## [PROBLEM STATEMENT]
Among the entries below, retype exactly the lines starting with the one with "Bhabinkamtibmas Polsek Mancak" and going on through the one with "4T1BF1FK6HU713538 2017 TOYOTA", but not the pictures.

## [SOURCE MATERIAL]
[Start of section]

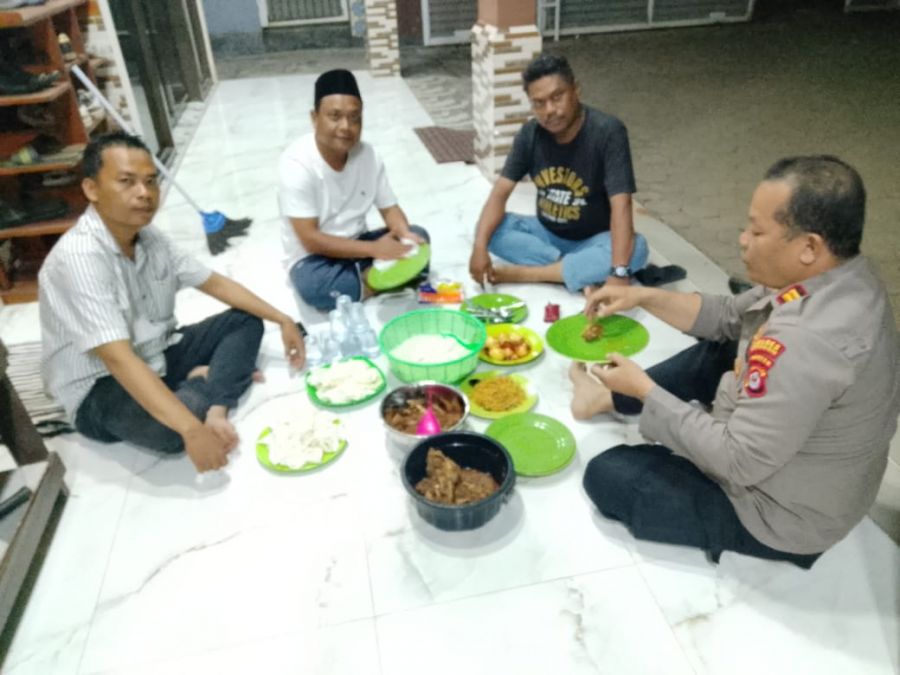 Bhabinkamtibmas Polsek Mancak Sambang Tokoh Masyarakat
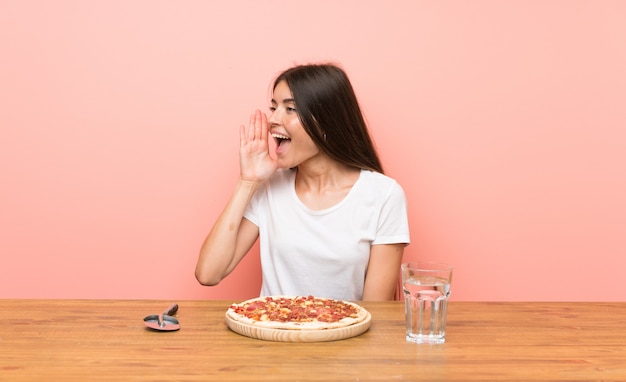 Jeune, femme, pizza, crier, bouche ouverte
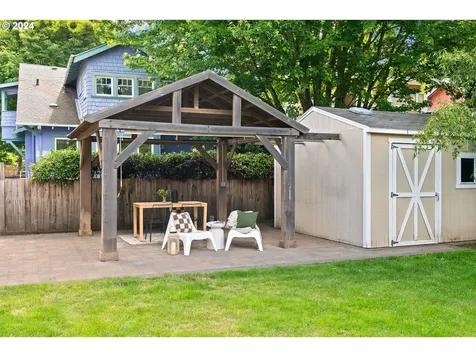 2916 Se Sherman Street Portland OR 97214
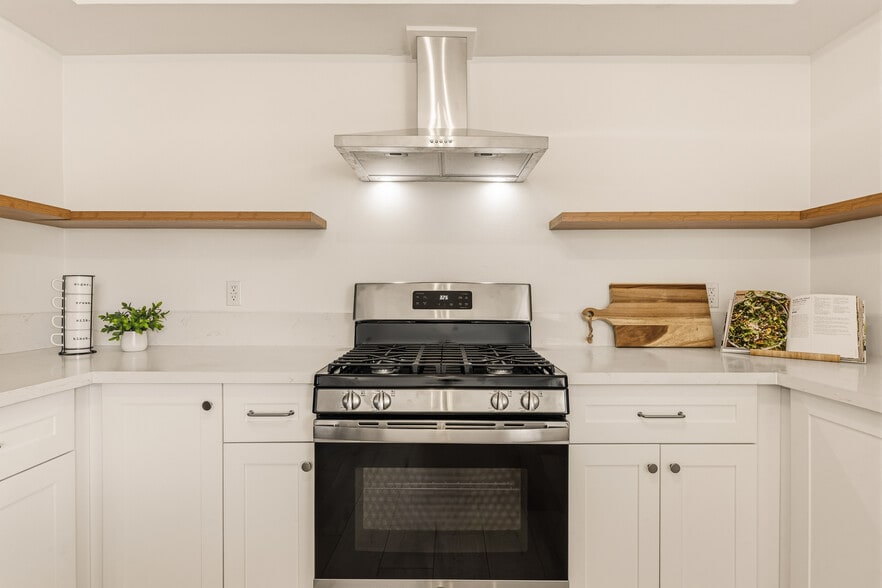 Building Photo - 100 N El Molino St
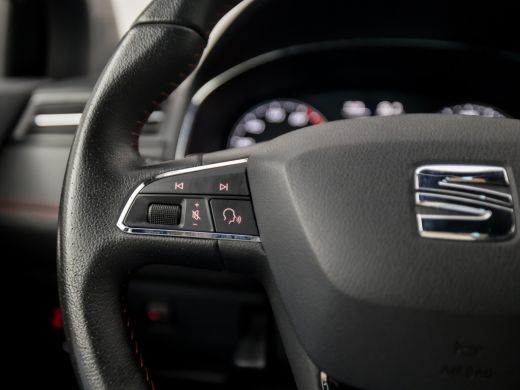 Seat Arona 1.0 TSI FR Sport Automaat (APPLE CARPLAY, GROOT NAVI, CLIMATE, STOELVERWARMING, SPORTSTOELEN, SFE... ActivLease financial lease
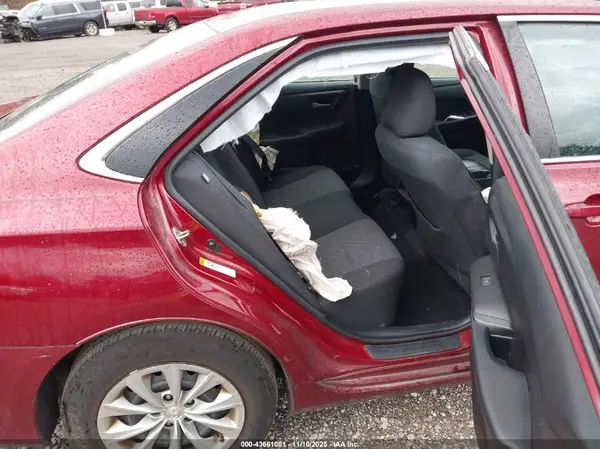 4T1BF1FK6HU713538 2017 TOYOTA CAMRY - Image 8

[End of section]
[Start of section]

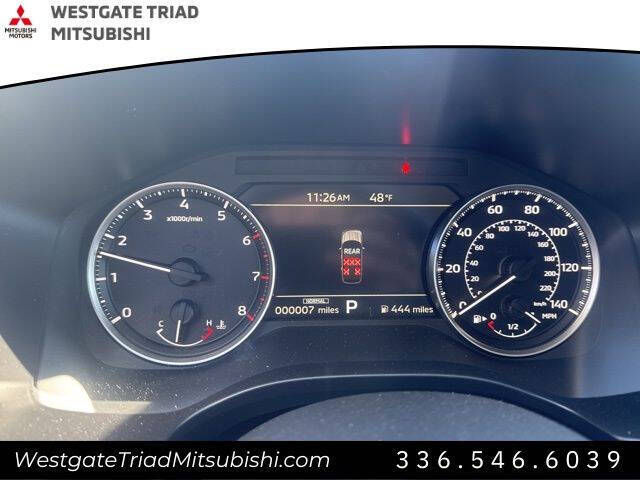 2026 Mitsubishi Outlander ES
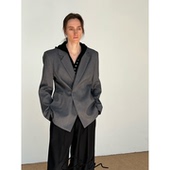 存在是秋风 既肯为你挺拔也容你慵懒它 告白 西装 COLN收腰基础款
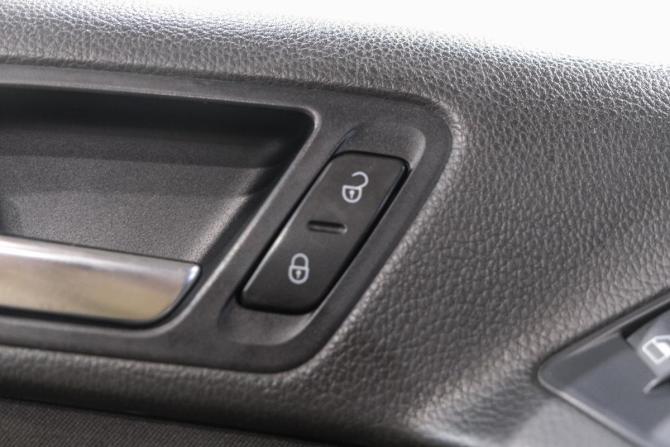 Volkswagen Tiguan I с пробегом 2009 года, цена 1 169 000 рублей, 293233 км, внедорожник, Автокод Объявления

[End of section]

## [EXERCISE OUTPUT]
 Bhabinkamtibmas Polsek Mancak Sambang Tokoh Masyarakat
 Jeune, femme, pizza, crier, bouche ouverte
 2916 Se Sherman Street Portland OR 97214
 Building Photo - 100 N El Molino St
 Seat Arona 1.0 TSI FR Sport Automaat (APPLE CARPLAY, GROOT NAVI, CLIMATE, STOELVERWARMING, SPORTSTOELEN, SFE... ActivLease financial lease
 4T1BF1FK6HU713538 2017 TOYOTA CAMRY - Image 8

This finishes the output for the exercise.